I suppose you might say if Unmade Beds is more resemblant of anything, then it is of a final year student's concluding major piece at the back end of their filmmaking course; the moment when everything they've learnt, picked up and observed along the way to now formulates together to create something to take away with themselves post-graduation. The piece as a whole teeters on a brink separating that reaction you have when you admire the energy and motivation that has gone into producing such a film with just coming away from it somewhat infuriated at its flaws and cheap tricks. Take the instance in which one of the more dopier, or at least dopier sounding, supporting characters brings to our awareness the duality he believes he shares with another young man whom he's taken in for the duration of the film: he establishes a sharing sense of duel-existence more broadly linked to that of not really being able to make that move across a proverbial line, and commit oneself to dealing with a problem - and that either of their respective problems reflect one another's. "Don't jump until you're able to jump" the supporting act says; moments as such, apart from the fact very rarely is there any link or connection at all if the characters within the piece must verbally illustrate that there is, places the film out on a line knowing full well there will be those that'll scoff at such items or might actually be drawn into appreciation.
The film follows two differing people on separate strands, frizzy haired Axl (Tielve) is one of them; a Spaniard from Madrid (where else in Spain?) whom has arrived in a more down-trodden part of London (where else in England?) in order to seek out his father who left both he and his mother when he was an infant. Meanwhile, Belgian (what, not French?) young-adult Vera (François) is already based in said city and goes from day to day seeking out new male partners whilst seemingly trying to battle past-mental illness. Whilst depicting these two people and their stories; the early exchanges are punchuated by these voice-overs, the sorts of voice-overs in which the mouths of the artists have been barely centimetres away at the time of recording and of which carry these terribly hushed, self-aware, throaty and self-important tones.
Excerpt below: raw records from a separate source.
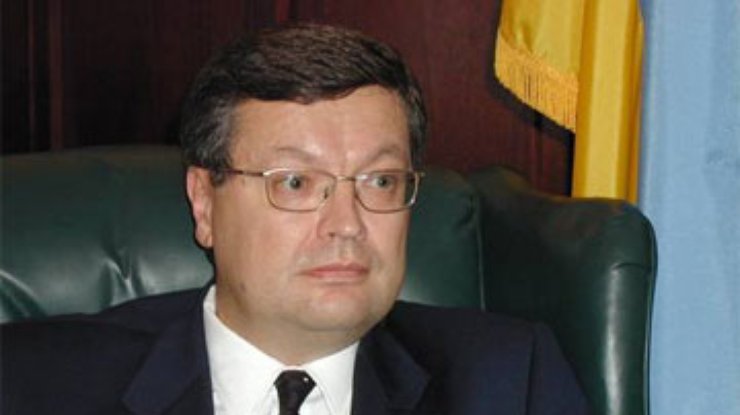 Грищенко съездил на Донбасс попрактиковать "экономическую дипломатию"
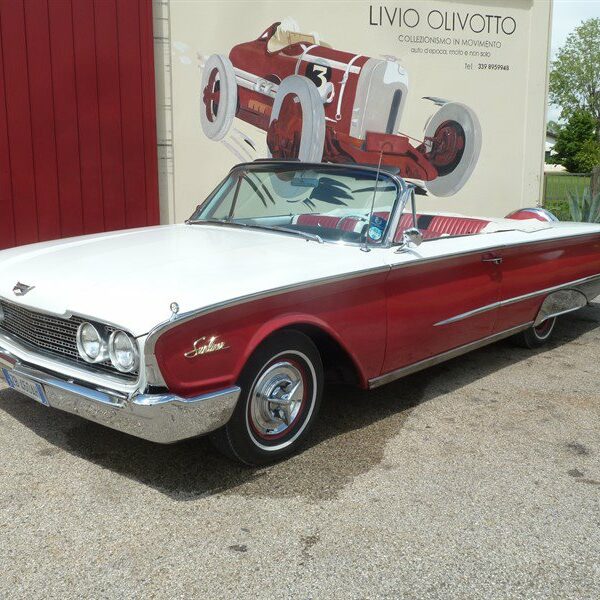 Ford Galaxie Sunliner Convertibile anno 1960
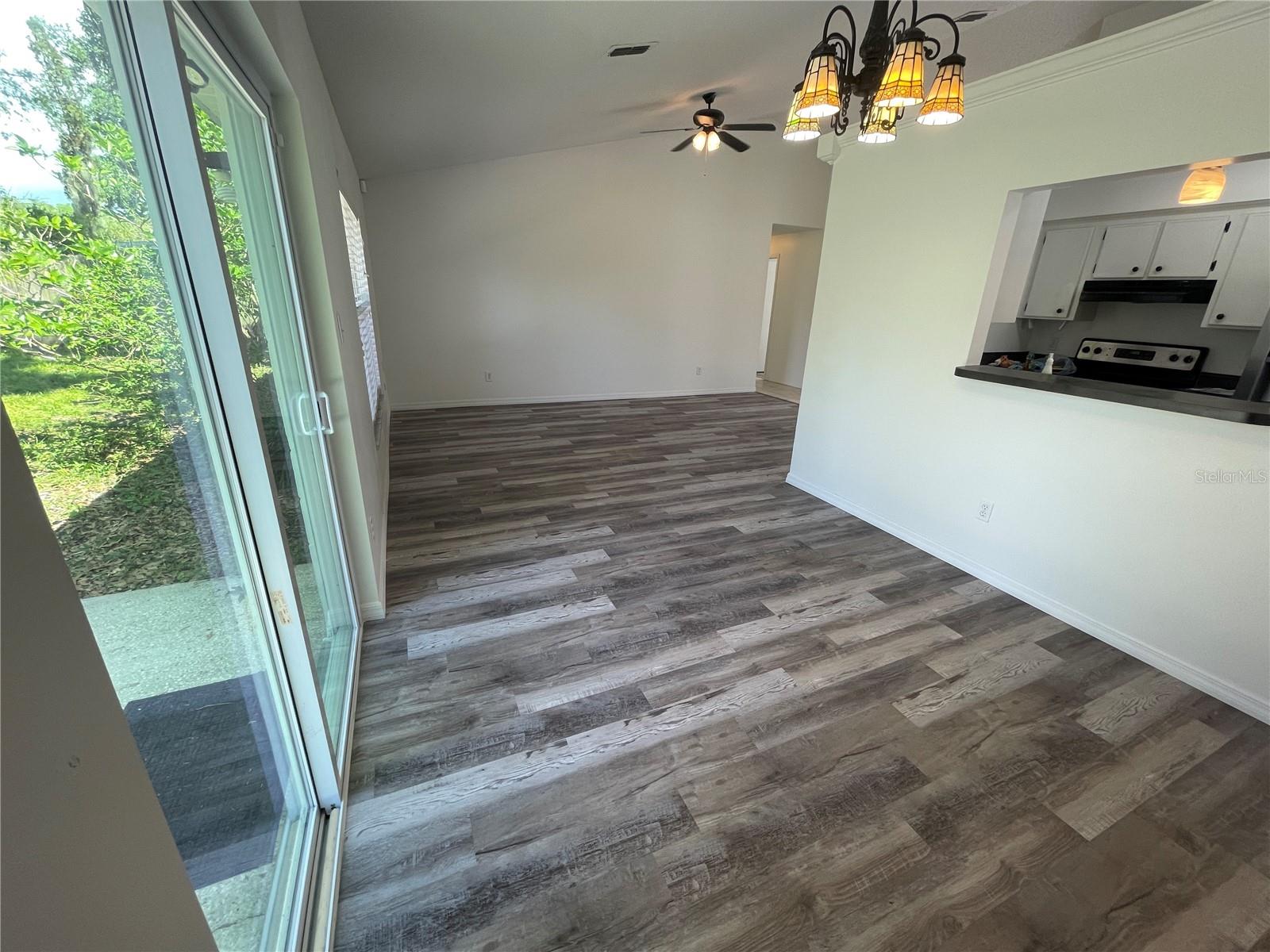 COLLEGE HEIGHTS PH 03 - Residential Lease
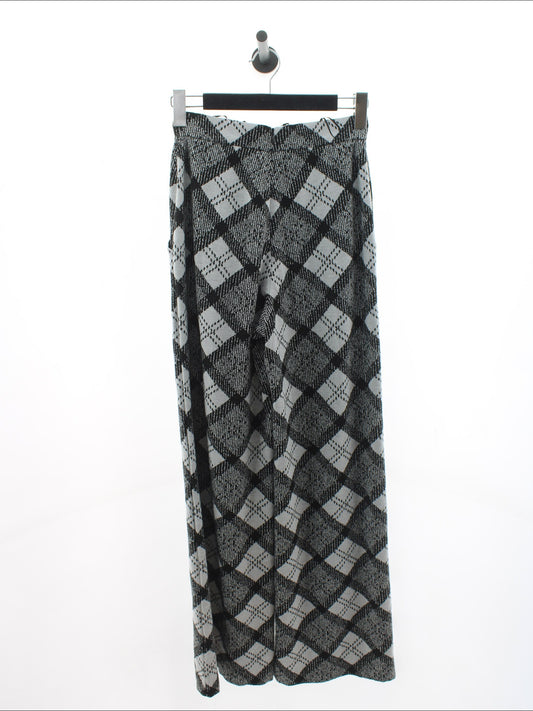 f7a2f4421403f7081b23f1bff1227801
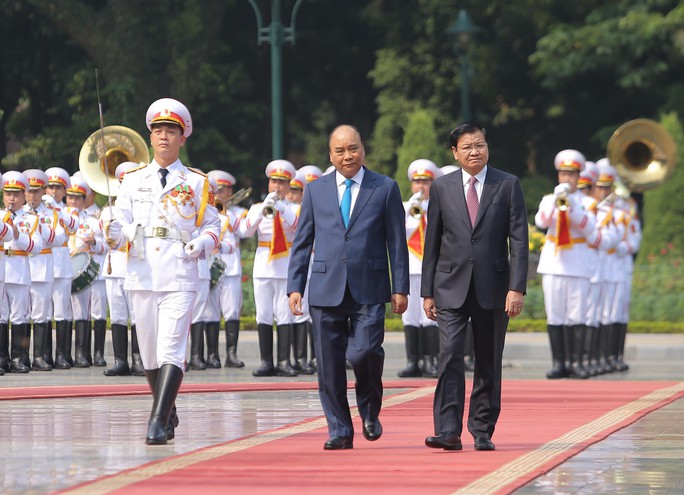 Cận cảnh Thủ tướng Nguyễn Xuân Phúc đón Thủ tướng Lào - Ảnh 13.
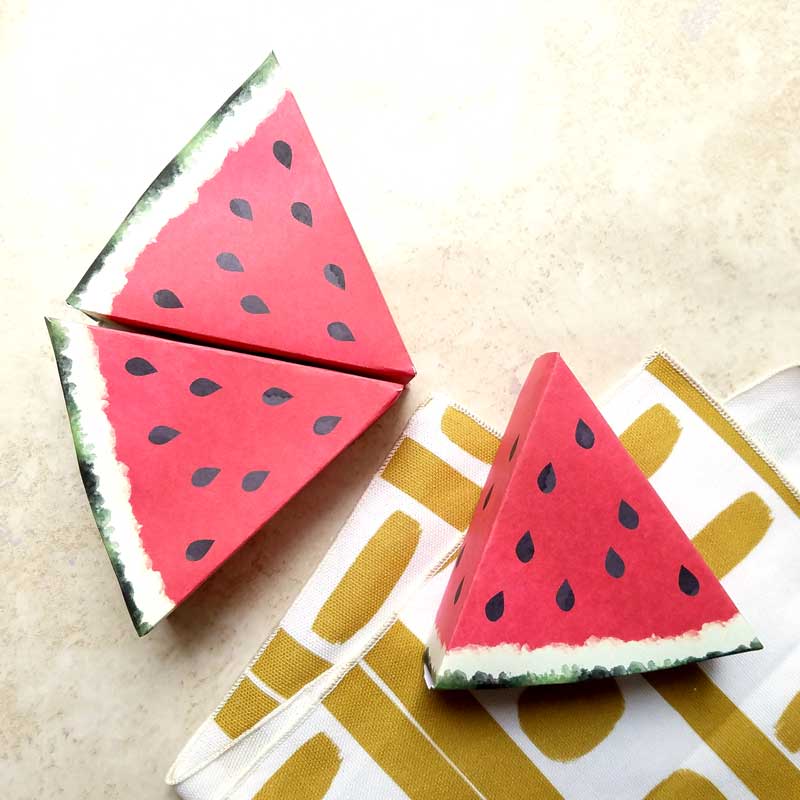 These paper craft templates are simply adorable! I love this beautiful watemelon paper craft - it's a free printable perfect for pretend play, summer party or picnic decor, table props, or anything really! These fruit printables have a realistic watercolor touch to them.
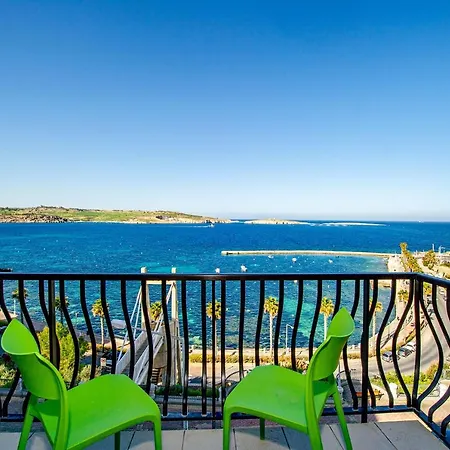 Fine Living Seacliff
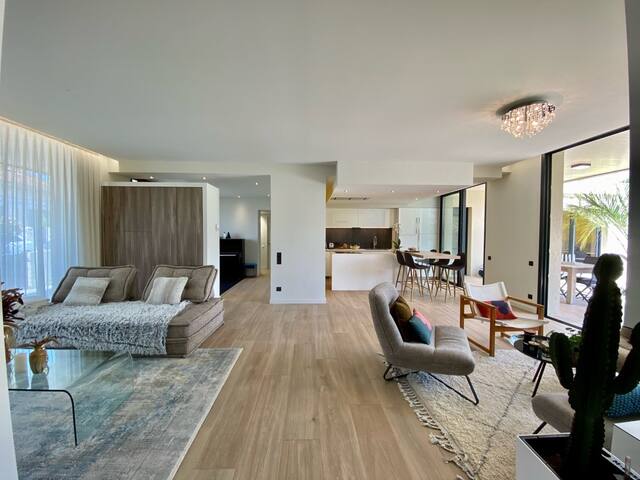 Villa 250m² A-C/ Piscine chauffée/ Garage/ Tram D gallery image 2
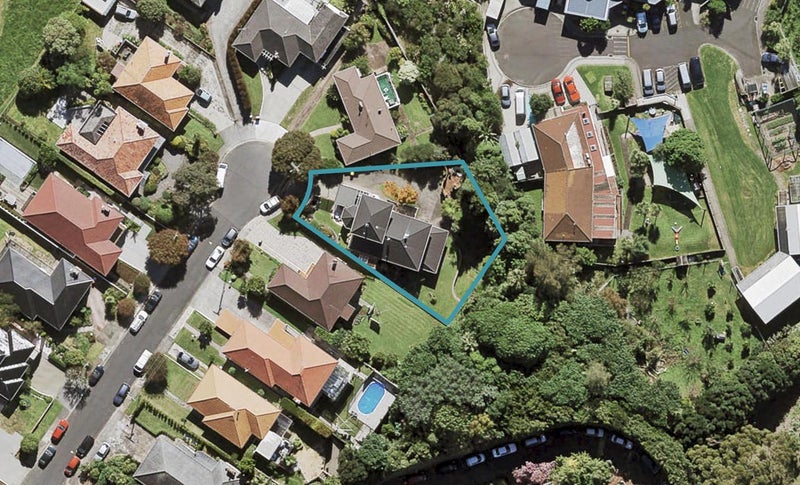 17 Kerr-Taylor Avenue, Mount Albert, Auckland - Carousel 1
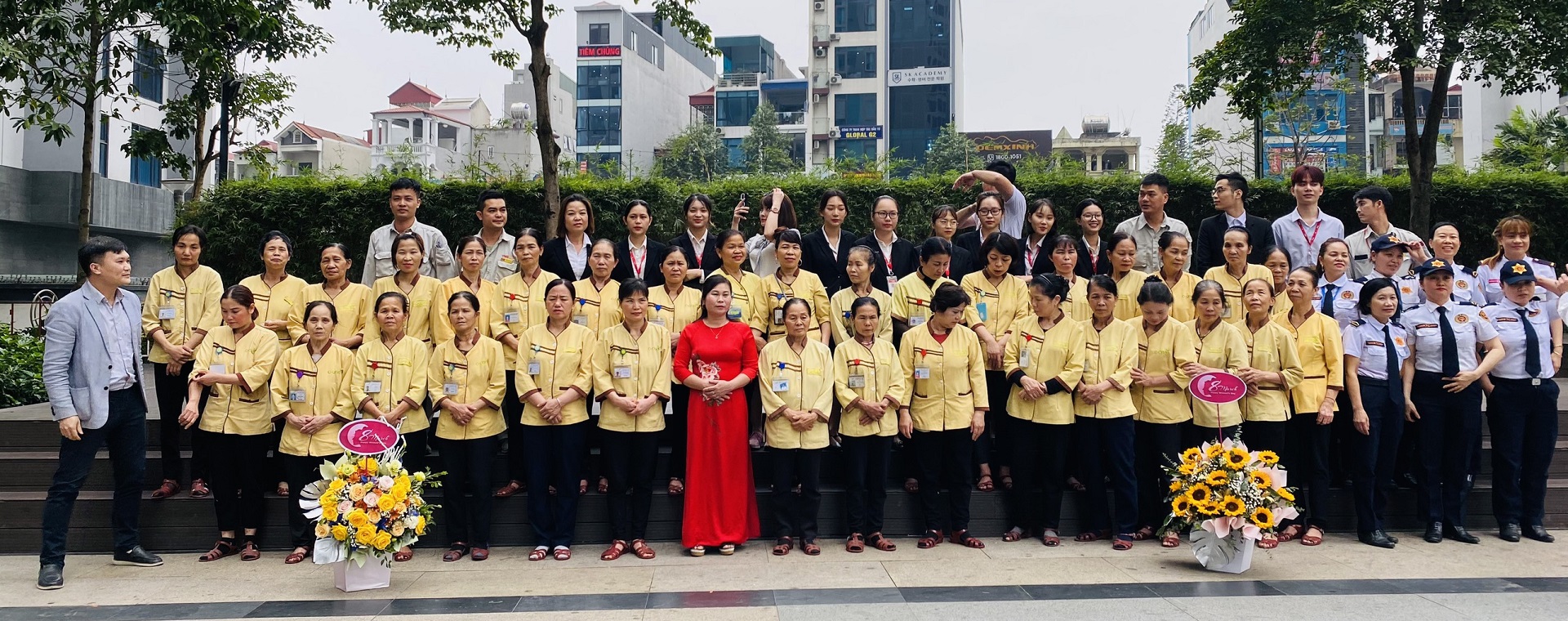 Liên hệ với chúng tôi <br> ngay hôm nay <br>  qua số hotline 0934513858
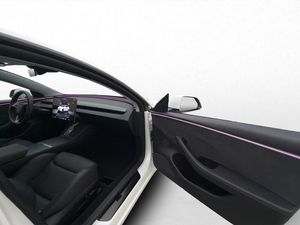 Tesla Model 3 bild 24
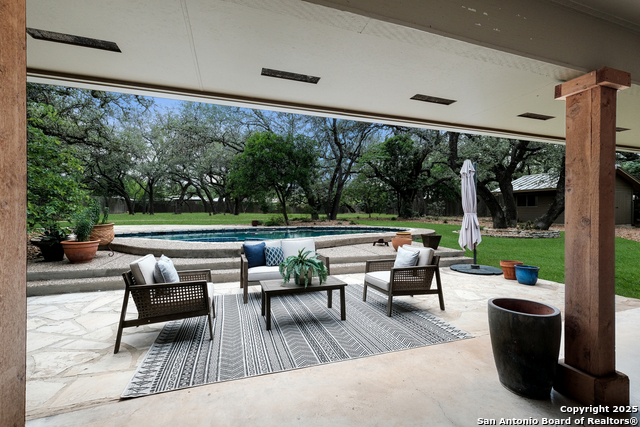 Listing photo id 19 for 11105 Vance Jackson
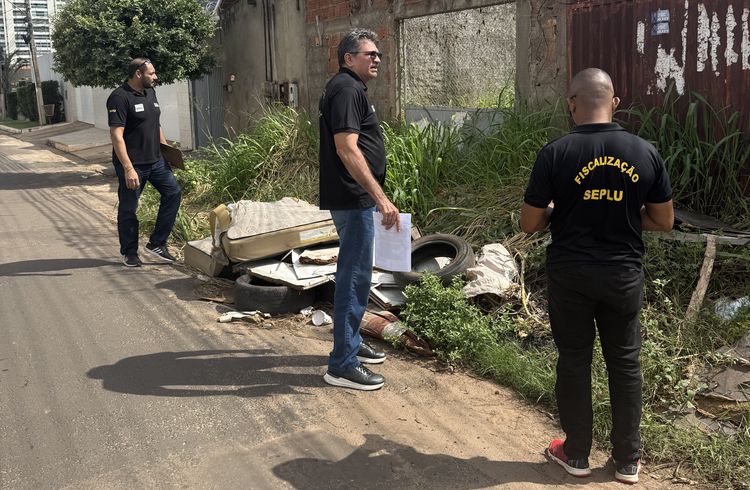 Prefeitura de Imperatriz realiza operação para desobstrução de calçadas e fiscalização de terrenos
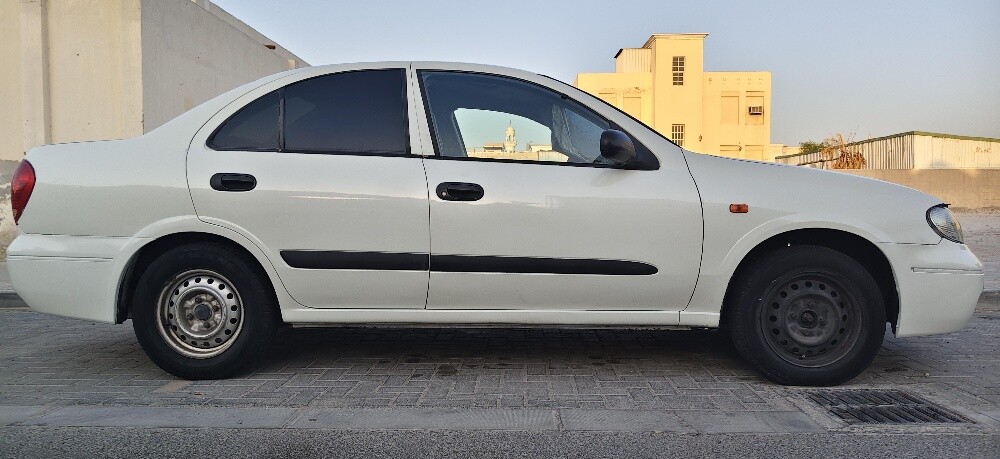 Nissan sunny 2008 model - 1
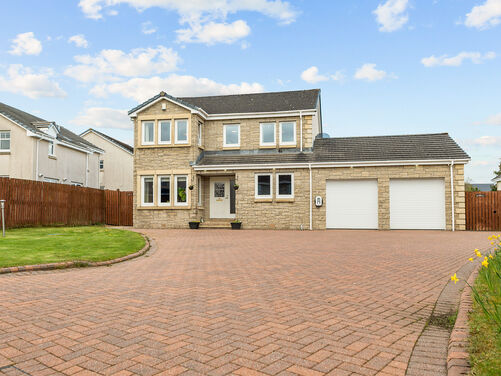 Marshall Drive, California, FK1 2AB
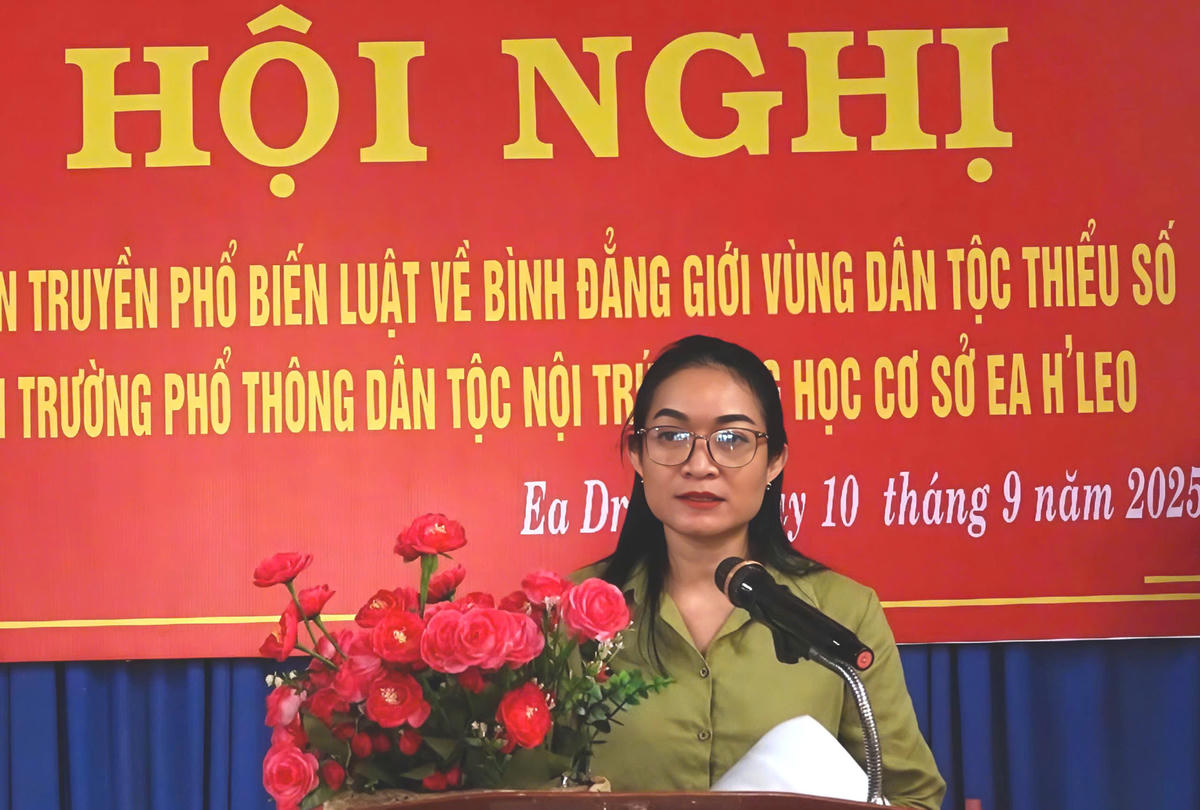 &nbsp;Phó Giám đốc Sở Dân tộc và Tôn giáo tỉnh Đắk Lắk Nay H’Nan phát biểu tại các hội nghị tập huấn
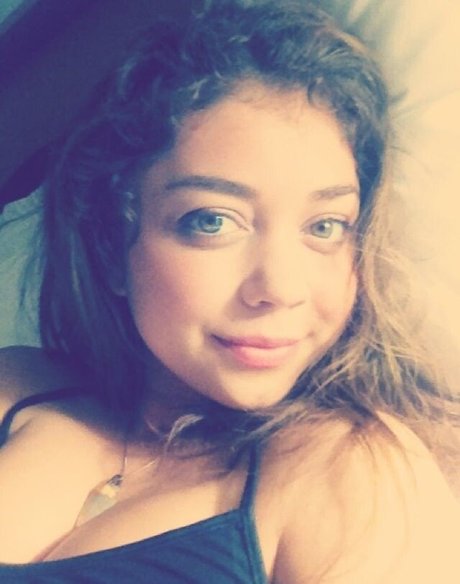 Naakte gelekte OnlyFans-foto van Sarah Hyland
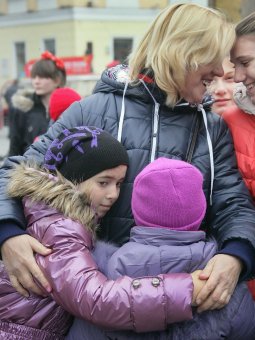 Объявленная Молитва за сирот возле памятника Дюку состоялось, но без обещанного визита супруги президента (фото)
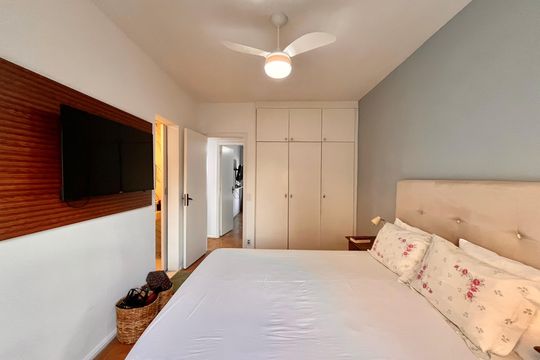 Suite  de apartamento para alugar com 3 quartos, 200m² em Ipanema, Rio de Janeiro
Axl's arrival sees him fall in with a spaced out crowd, the sort of sub-culture that, and due to my own prejudices, I usually zone out of fairly quickly when depicted on film. The people, headed up by native Londoner Mike (Goldberg), are a droopy, drippy, hippie lot; the sorts of people whom smoke drugs, have spaced out conversations, get drunk, have cereal for lunch and attend nightclubs playing host to the sorts of bands whose members usually have hair down to their shoulders and play that biting variety of 'bad' music which isn't quite rock but isn't really pop although just seems to be embedded within the lives of people aged between 19 and 25. On the other strand is Vera, a book shop worker more preoccupied, it seems, with talking male customers out of purchasing books, thus supposedly hinting early on at respective elements of power she has over men. In short, we do not like Vera and we do not come to like her; an early sequence back at the humble surroundings she calls home seeing her move Polaroid pictures of particular men from her wall before boxing them up, labelling them and shelving them with many other boxes of such an ilk thus suggesting a track record of such activity. Her latest in anonymous lays, whom she targets and gets to know before bedding them, comes in the form of a gentleman her age whom works at the airport's security branch on the X-ray machine, and is played by Dutch actor Michiel Huisman.
Her psychological condition of effectively bedding these anonymous men and storing records of such actions, in what appears a cocktail of nymphomania and OCD, is made only more glaring later on when she speaks of her once-childhood tendencies to branch out into schizophrenia; dialogue of which sees her speak of a one-time imaginary boyfriend hinting at that very item. There is no broader study of any greater substantial ilk to do with mental illness, nor, far more alarmingly, is there enough of a sense of there being a substantial enough demonisation of the actions Vera engages in to warrant any sort of praise; specifically in regards to that of anonymous sex, something which needs to be addressed with the utmost care on screen if it is indeed to be explored at all. On occasion, the film's over exuberance to shoot the scenes of a sexual nature in a very loving, highly eroticised manner has it veer perilously close to that of mere pornography without ever coming close to tackling the crux of its matters.
The film's bravery or sensations of more majestic ilk that it is, in fact, about more than first appears rings false; the item of Vera and Axl being foreign is a misdemeanour: it is irrelevant and exists purely to have the film come across as something depicting something else with greater competence. One's mind darts back to 2005's Brick Lane as a film actually depicting life as a London-based immigrant in a complete and thorough fashion, Axl and Vera here might just as well be British. Unmade Beds is a wily effort, ambitious in its tone and general look as it depicts people rummaging through the lower echelons of a big city attempting to find a collative peace with one's self and life situation; but it is all too nettlesome and all too galling all too often to truly get behind without sort of wanting to wish all of those involved the best of luck with future projects.